A Malgouverne les choses se passent différemment. Le beau paysage de Malgouverne et son sous-sol, aux richesses inépuisables, attirent les autres et repoussent les nôtres. Mitchell cambriole 180 millions d’euros. Mitchell s’évade. Mitchell s’achète un château à Montreux. Mitchell est recherché. Mitchell revient à Malgouverne. Cent blagues ou sans blague. Tout est bon et rien à signaler ! Malgouverne est devenue la Mecque des fouteurs de pagaille.

C’est se mentir à nous-même que de dire que nos élus nous représentent et que Malgouverne jouit d’une démocratie. A Malgouverne on continue à nous traîner sans jamais savoir notre destination. La réalité des décisions semble ne pas concerner les habitants de ce village. Les bouffons de Malgouverne ont fait de nous des consommateurs de slogans et des fidèles aux projets conditionnés par le mouvement de Messaoud sur une échelle déstabilisée ailleurs. Un jour, ils nous font avaler un corbeau à la chandelle. Le lendemain, ils nous demandent de vomir une colombe dans notre assiette. Ils ont fait de nous des adeptes incorrigibles du prêt-à-croire. Ils nous parlent de nanotechnologie et nous annoncent la transformation d’Oued El Abtal en eldorado californien. On enveloppe ça dans un laïusse politique pour nous faire croire qu’à Malgouverne les habitants sont heureux et satisfaits dans une démocratie à la nuit des rois.

Une fois Messaoud descend de quelques marches de son échelle, ils se hâtent vers le grand préteur Jim Yong Kim. Jim Young Kim n’est ni un commerçant de la rue de la Lyre ni un changeur de monnaie au square Port Saïd. Ce Coréen connait bien son métier. Il fut professeur de médecine à Harvard. Il n’est pas financier mais il gère des milliards de dollars de crédits. La réalité nous démontre que les hautes fonctions ne demandent pas d’expertise. Elles demandent tout simplement une bonne éducation et un comportement honnête et sérieux.

Jim Yong Kim, le président de la Banque Mondiale, avec sa chevelure de neige rigole de la situation à Malgouverne. Elle connait bien notre arrière-boutique et sait au centime près le contenu de la tirelire d’Abderrahmane. Elle a composé la musique du troubadour français qui défile quotidiennement à Malgouverne. La semaine prochaine le troubadour donnera un grand spectacle à Malgouverne. Cette réalité est difficile à accepter à Malgouverne où le détrousseur gère la cagnotte populaire.

Pierre Lagrange nous informe sur la prospection de la réalité ; "rechercher le noyau de réalité revient à transformer les histoires en énigmes policières et non à comprendre leurs véritables caractéristiques". Cette phrase est belle, mais quand nous ne trouvons pas suffisamment d’éléments d’information par la voie officielle à Malgouverne, il est naturel que nous essayions de nous débrouiller par les techniques traditionnelles le bouche-à-oreille ou le téléphone arabe pour comprendre les énigmes de Malgouverne.

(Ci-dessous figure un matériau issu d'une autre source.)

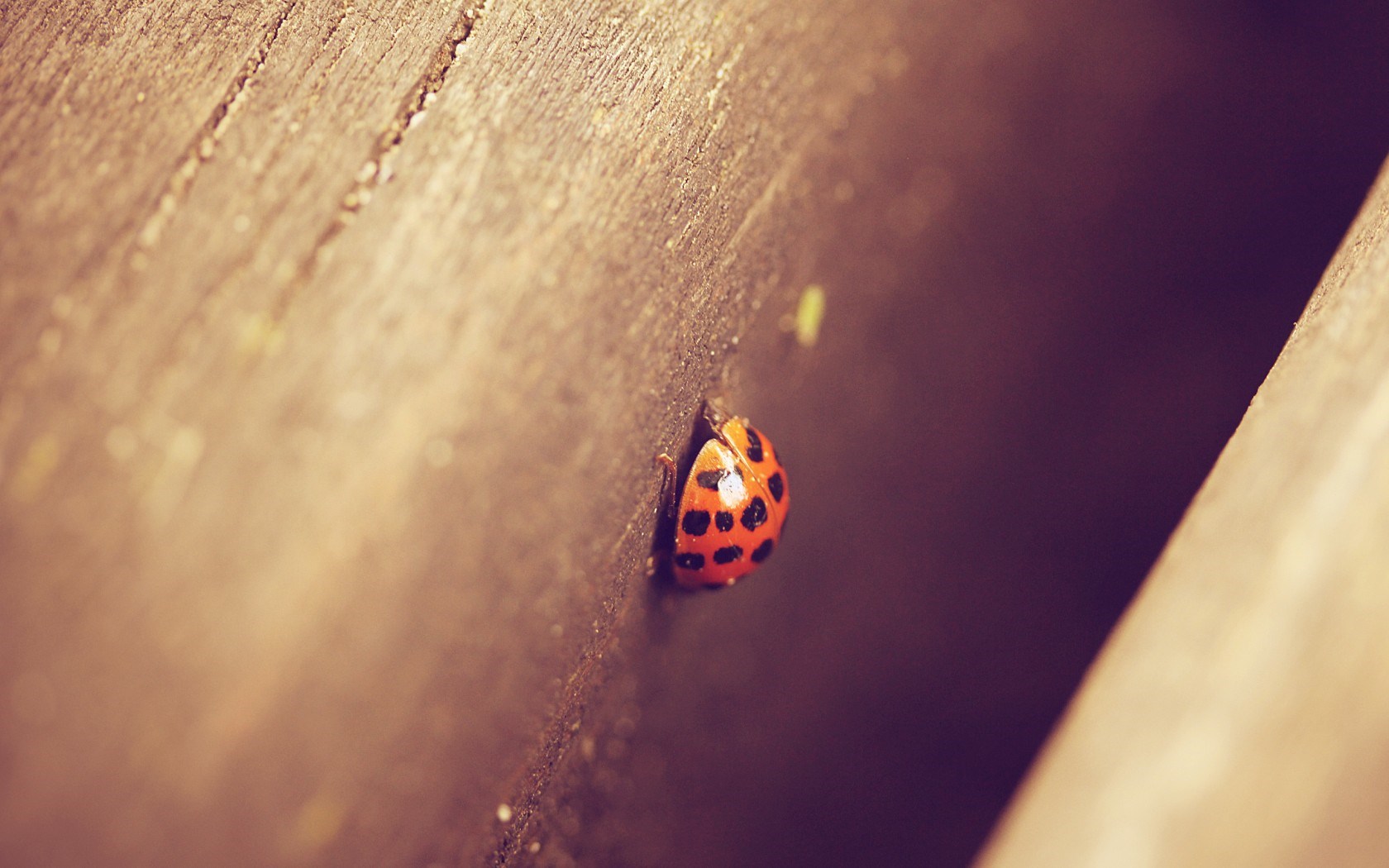 lady bug image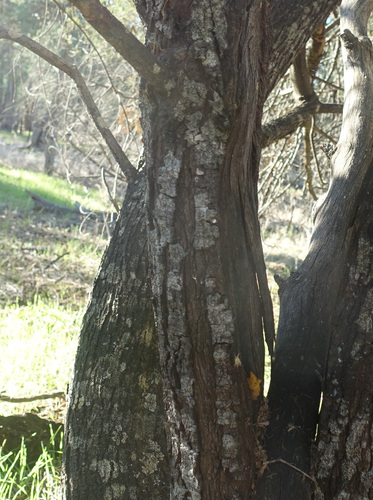 Image of Acacia deanei by (c) yatesy, some rights reserved (CC BY)
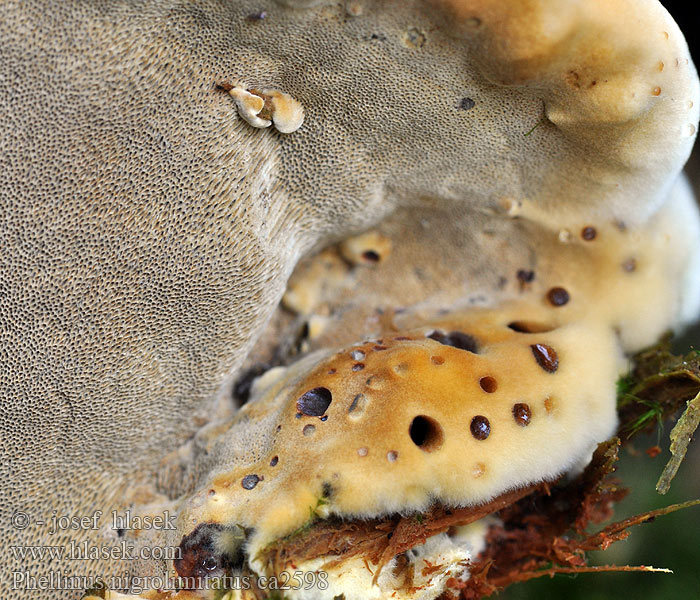 Aarnikääpä Phellinus nigrolimitatus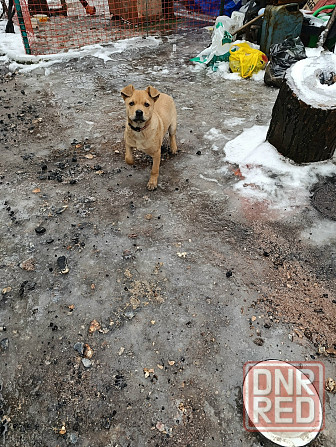 Щенок бесплатно в добрые руки Макеевка - изображение 1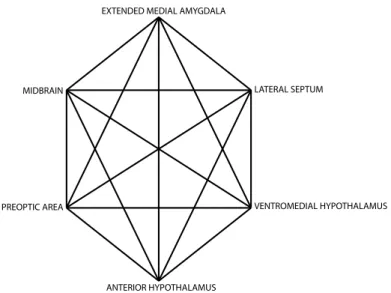 Figure 2.1 The social behaviour network as originally described by Newman, 1999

Les scientifiques à Malgouverne n’échappent pas à l’obstacle des fausses données du problème surtout quand il s’agit de définir un phénomène qui reste insaisissable ou inconcevable. Les plaisanteries politiques et les secrets des silhouettes qui gouvernent Malgouverne excitent l’imagination des gens de la rue. Elles leur offrent une matière d’information inexhaustible dans le domaine de spéculation. Dans la société marchande à Malgouverne, les choses s’interprètent d’une manière simple. La rive gauche de la rue Didouche Mourad écoute les murmures des passants. Elle a tout entendu. L’information devient une suite tyrolienne de chuchotements confus et difficilement concourants. Cette rue, connue comme chemin estudiantin et fief de la matière grise, sélectionne le terme le plus important de cette suite et essaye de le diffuser dans les réseaux sociaux. Ce jour-ci le terme le plus important est Mitchell le fil du tisseur.

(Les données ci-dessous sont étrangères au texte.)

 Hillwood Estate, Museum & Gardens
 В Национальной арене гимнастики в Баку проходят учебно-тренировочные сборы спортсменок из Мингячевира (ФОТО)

Mitchell est revenu des États-Unis. On l’accueille officiellement à Oran. La rive gauche passe cette information à la rive droite. La rive droite analyse l’information dans le laboratoire bistro. Au bistro historique "Lait Bar" on compare cette information à une autre qui descend de la terrasse d’en face. La terrasse nous annonce qu’un autre habitant, ex-responsable de la huitième CC à Malgouverne, est bien décoré. On lui offre une cellule "bed and breakfast" aux frais d’Ehrlichman. Son séjour est illimité et la facture ne coûte rien aux responsables de Malgouverne.

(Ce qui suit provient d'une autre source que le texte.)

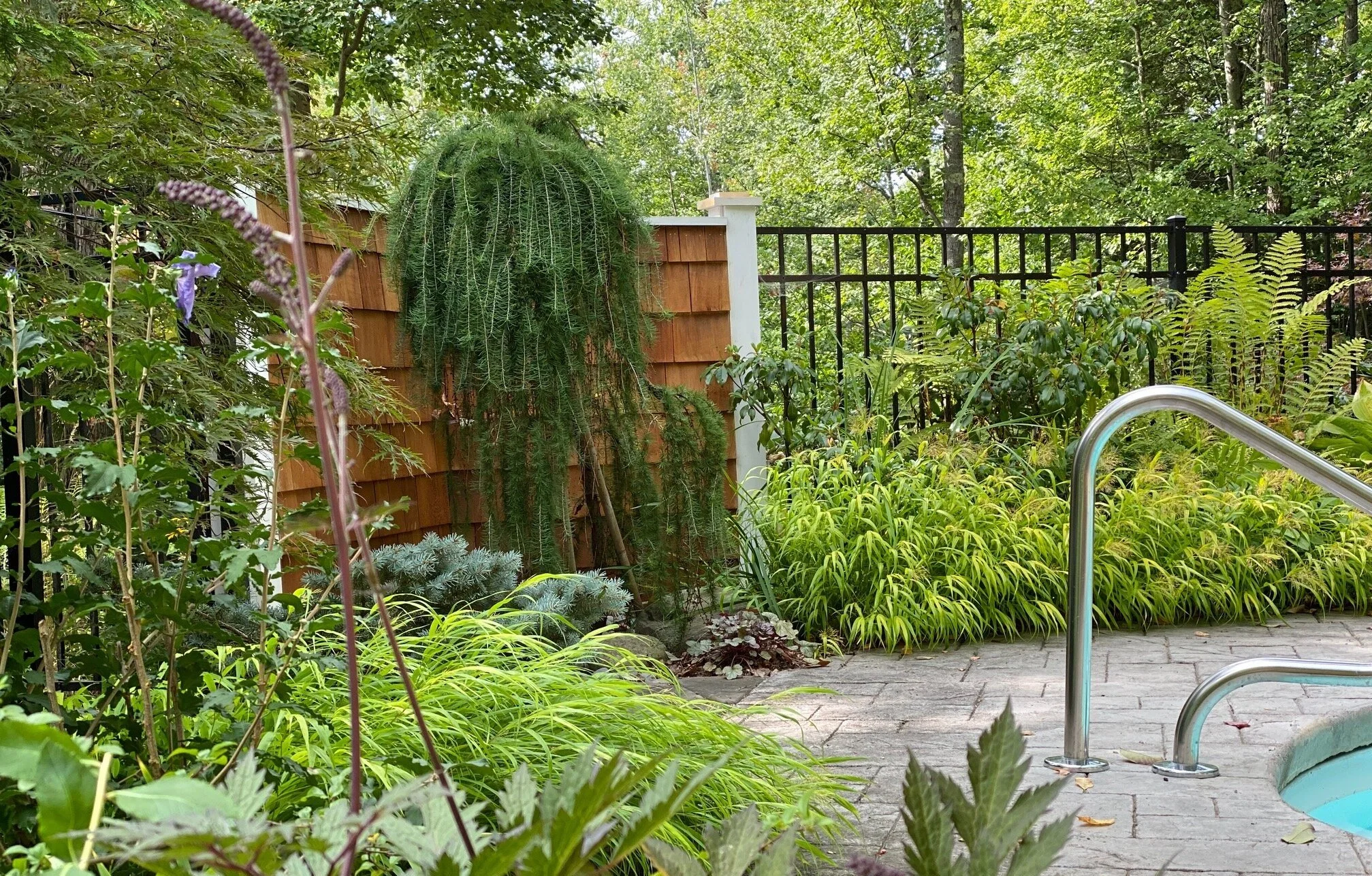 Poolside Plantings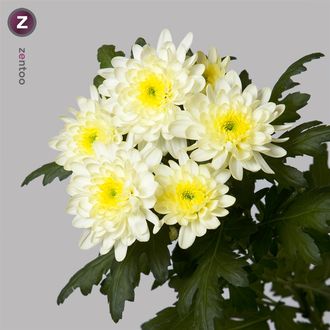 Хризантема Zembla Cream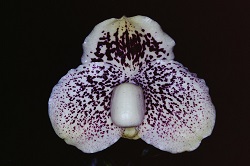 Paph.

En absence de version officielle à Malgouverne, la version informelle circule, nous sommes dans le marché noir de l’information. Les journalistes de Malgouverne, Bob Mohand et Carol Tlemçani, rodent dans la place où se tient le marché informel. Ils s’intéressent à l’évènement et font attention à la rumeur. En conservant le conditionnel, ils participent malgré eux à la propagation de ce produit informel. Comme tout produit de contrefaçon, la rumeur déstabilise les rues et perturbe les quartiers populeux. Elle ne frappe pas que l’objectif désigné. Elle atteint son entourage et même les quartiers chics. Sidi Yahya n’est pas exclu du domaine de la rumeur. A Malgouverne il suffit d’un coup de téléphone d’une terrasse de Sidi Yahya pour prouver que l’information de la rive gauche est une vérité.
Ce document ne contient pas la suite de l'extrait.